■ **Work item**
Transcribe exactly the stretch of lines beginning at the one containing "Never Gonna Look Back (Explicit)" and closing with the last line of the entries below. Omit images.

(Dataset records)
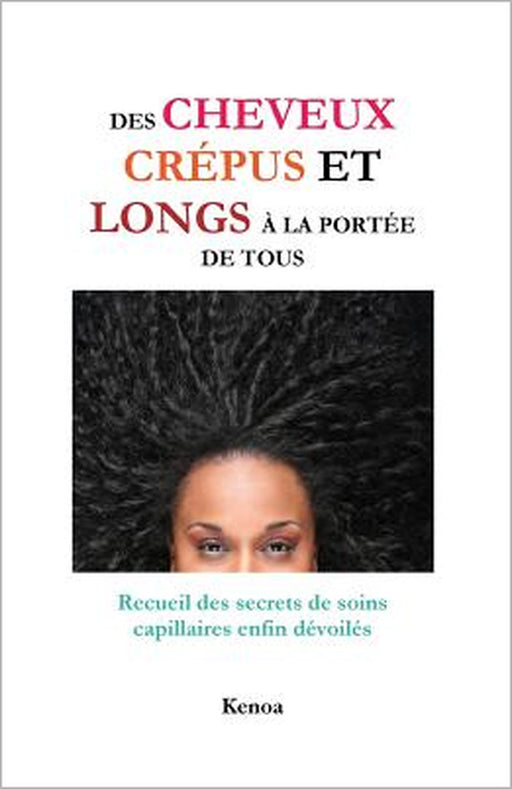 Des cheveux crépus et longs à la portée de tous: Recueil des secrets de soins capillaires enfin dévoilés by Kenoa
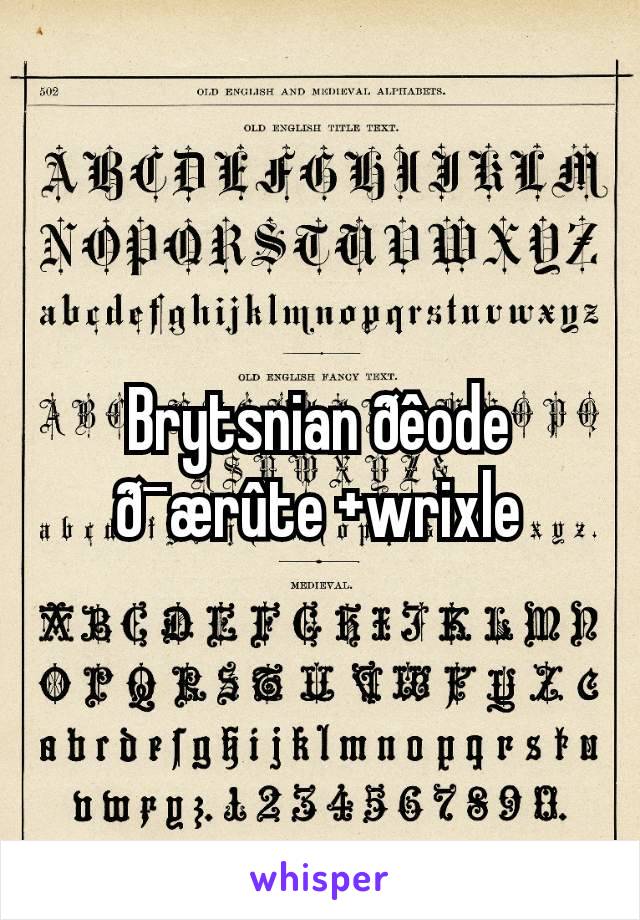 Brytsnian ðêode ð¯ærûte +wrixle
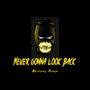 Never Gonna Look Back (Explicit)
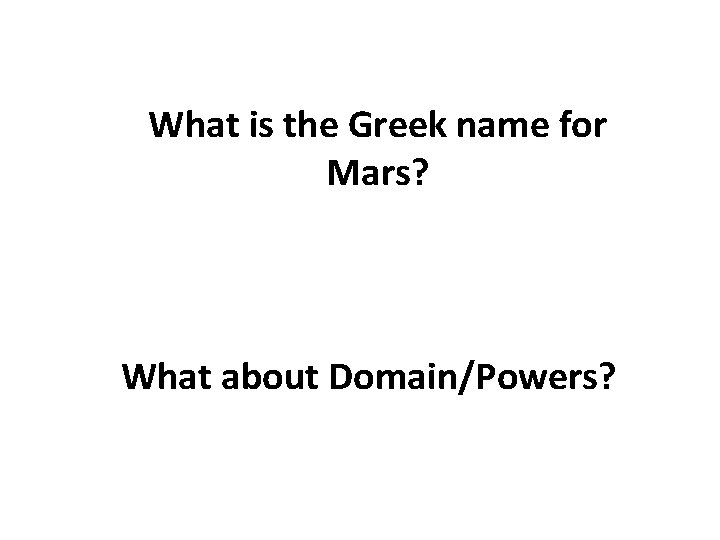 What is the Greek name for Mars? What about Domain/Powers? 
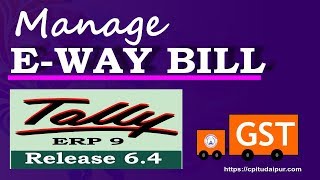 Tally ERP 9– Generate eWay Bill in GST Part82 Process to Manage eWay Bill in Tally [upl. by Wentworth]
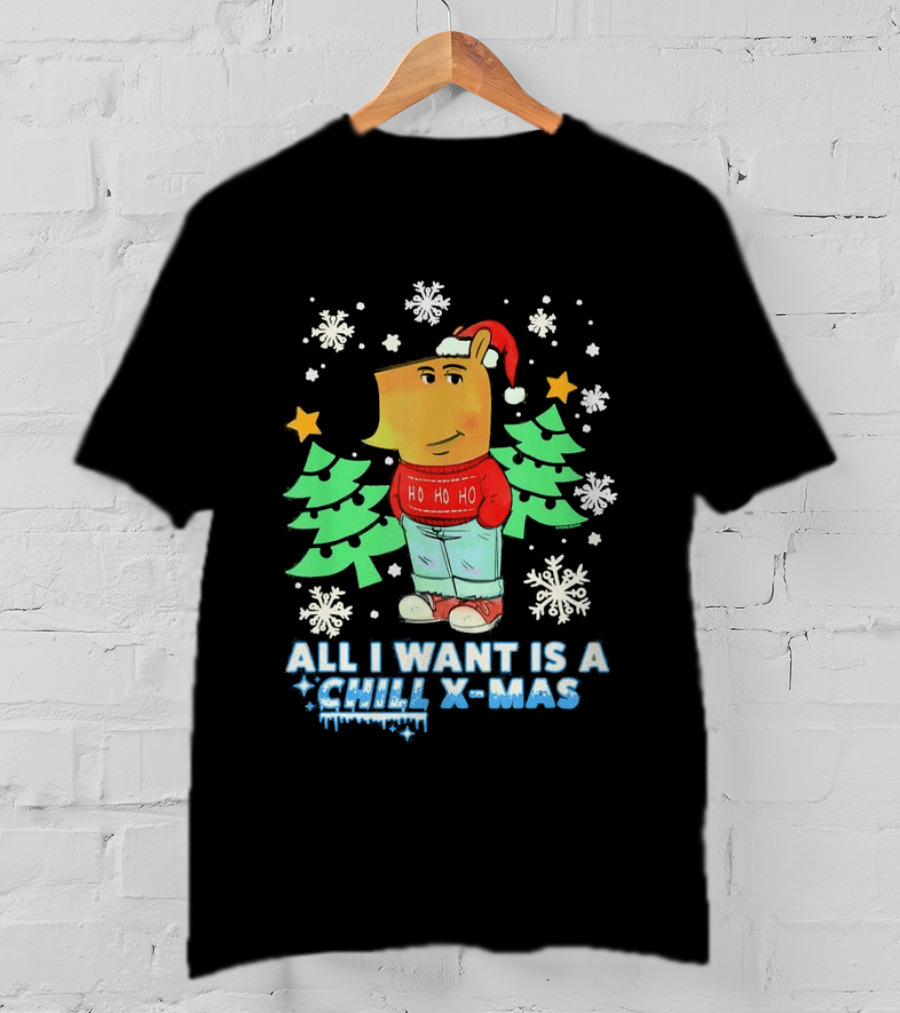 All I Want Is A Chill XMAS Ho Ho Ho Snowflakes Christmas Trees T-Shirt
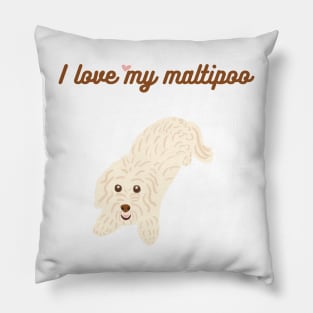 I love my maltipoo! Pillow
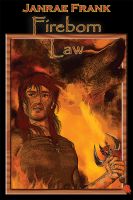 Cover for 'Fireborn Law (Lycan Blood 2)'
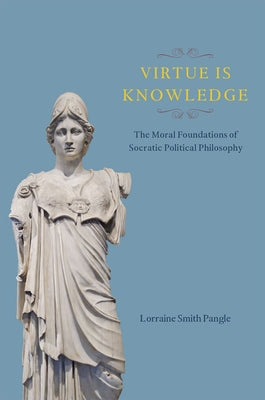 Virtue Is Knowledge: The Moral Foundations of Socratic Political Philosophy by Pangle, Lorraine Smith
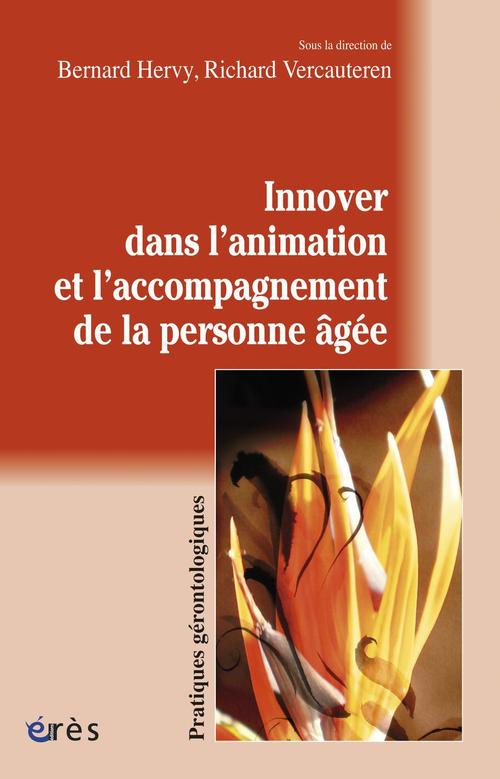 Couverture ebook de Innover dans l'animation et l'accompagnement de la personne âgée, de Collectif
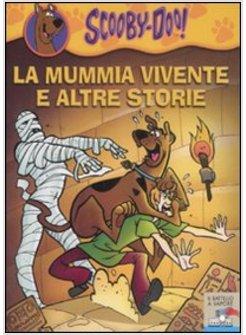 MUMMIA VIVENTE E ALTRE STORIE SCOOBY-DOO! (LA)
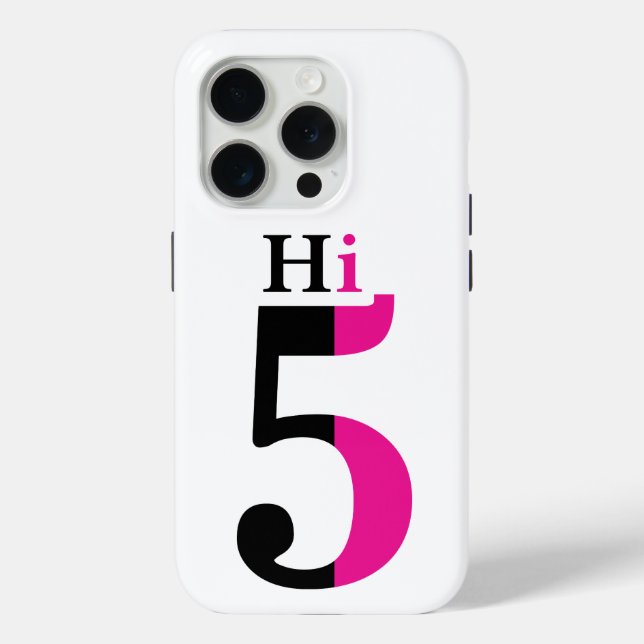 High Five Pink Modern Typographic Design Case-Mate iPhone Case (Back)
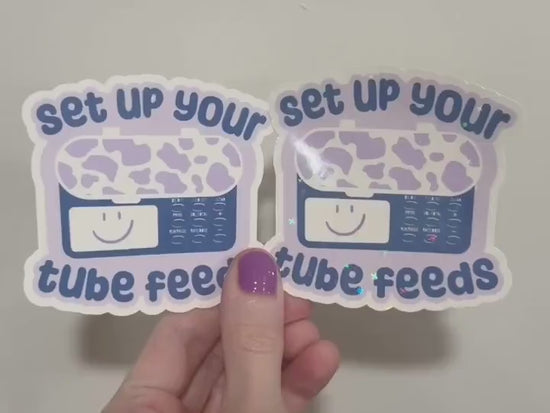 Set Up Your Tube Feeds Infinity Sticker: Spoonie, Tubie, Feeding Tube Decal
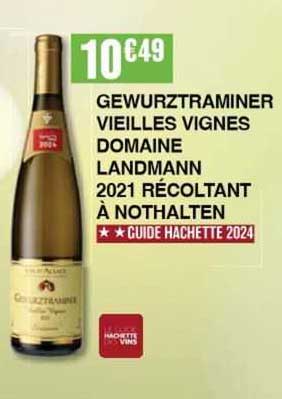 gewurztraminer vieilles vignes domaine landmann 2021 récoltant à nothalten
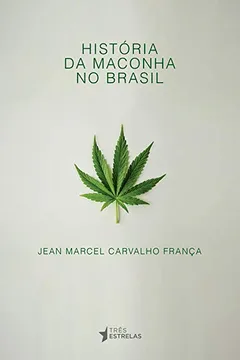 Livro História da Maconha no Brasil - Resumo, Resenha, PDF, etc.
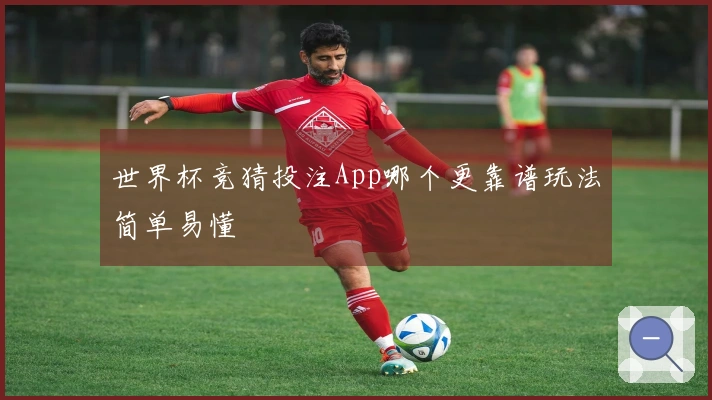世界杯竞猜投注App哪个更靠谱玩法简单易懂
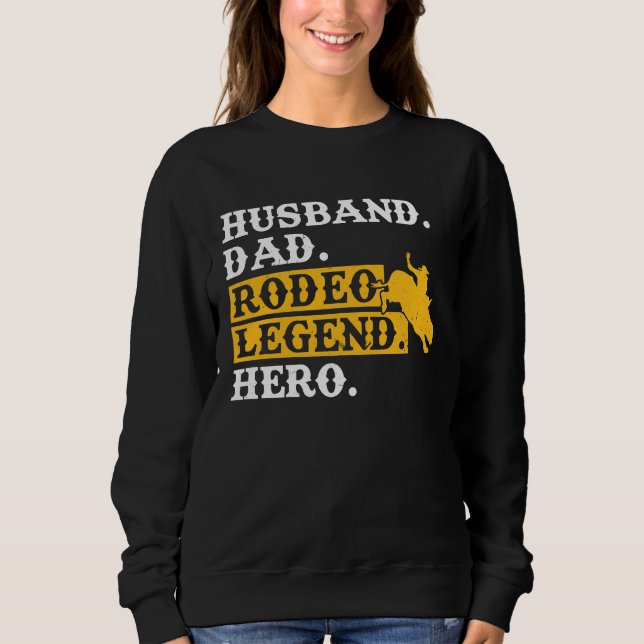 Husband Dad Rodeo Legend Hero  Bull Rider Sweatshirt (Front)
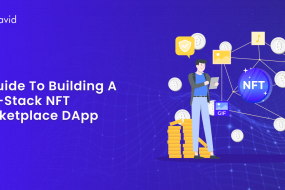 A Guide to Building a Full-Stack NFT Marketplace dApp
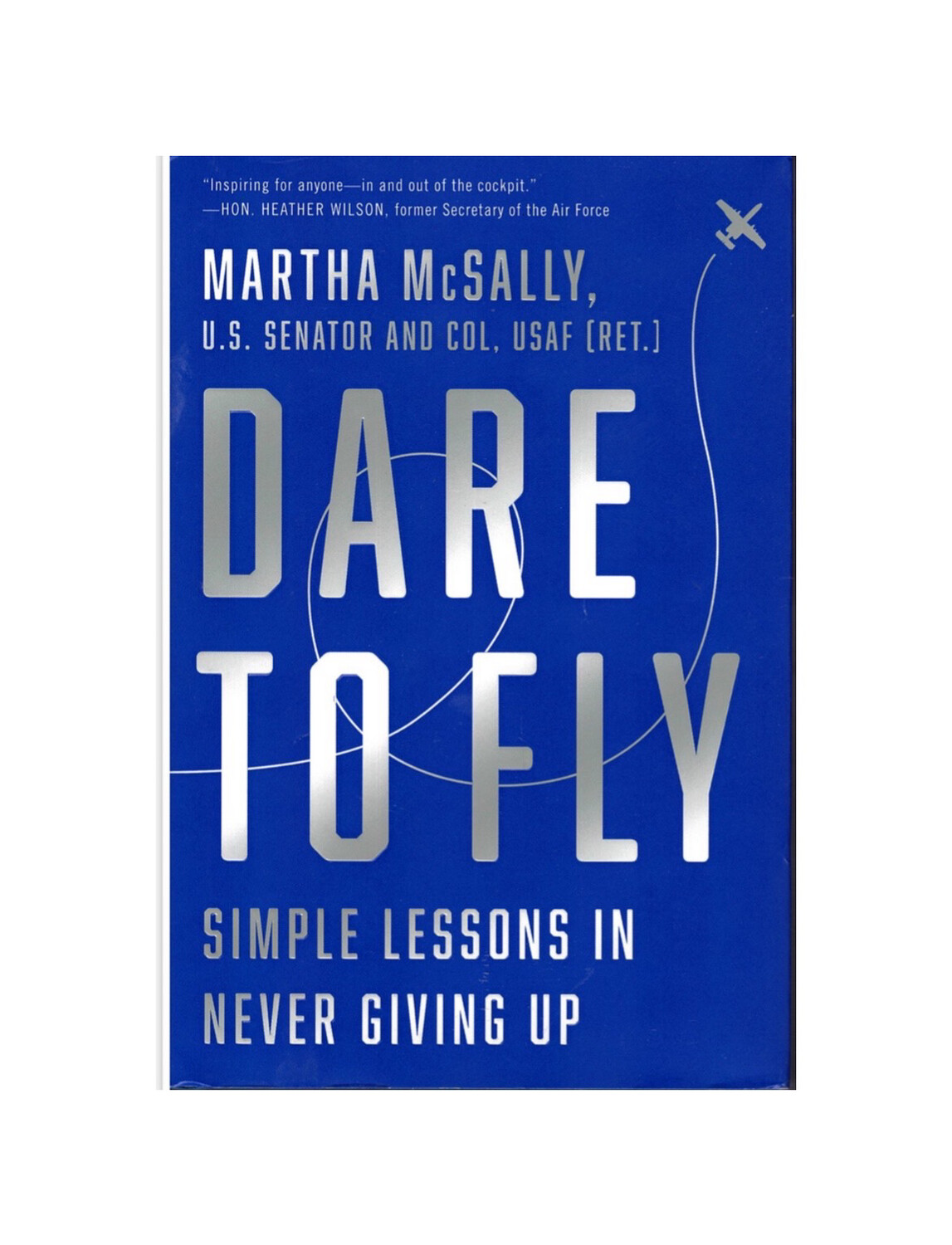 Dare to Fly by Marth McSally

■ **Answer space**
 Never Gonna Look Back (Explicit)
 What is the Greek name for Mars? What about Domain/Powers? 
 Tally ERP 9– Generate eWay Bill in GST Part82 Process to Manage eWay Bill in Tally [upl. by Wentworth]
 All I Want Is A Chill XMAS Ho Ho Ho Snowflakes Christmas Trees T-Shirt
 I love my maltipoo! Pillow
 Cover for 'Fireborn Law (Lycan Blood 2)'
 Virtue Is Knowledge: The Moral Foundations of Socratic Political Philosophy by Pangle, Lorraine Smith
 Couverture ebook de Innover dans l'animation et l'accompagnement de la personne âgée, de Collectif
 MUMMIA VIVENTE E ALTRE STORIE SCOOBY-DOO! (LA)
 High Five Pink Modern Typographic Design Case-Mate iPhone Case (Back)
 Set Up Your Tube Feeds Infinity Sticker: Spoonie, Tubie, Feeding Tube Decal
 gewurztraminer vieilles vignes domaine landmann 2021 récoltant à nothalten
 Livro História da Maconha no Brasil - Resumo, Resenha, PDF, etc.
世界杯竞猜投注App哪个更靠谱玩法简单易懂
 Husband Dad Rodeo Legend Hero  Bull Rider Sweatshirt (Front)
 A Guide to Building a Full-Stack NFT Marketplace dApp
 Dare to Fly by Marth McSally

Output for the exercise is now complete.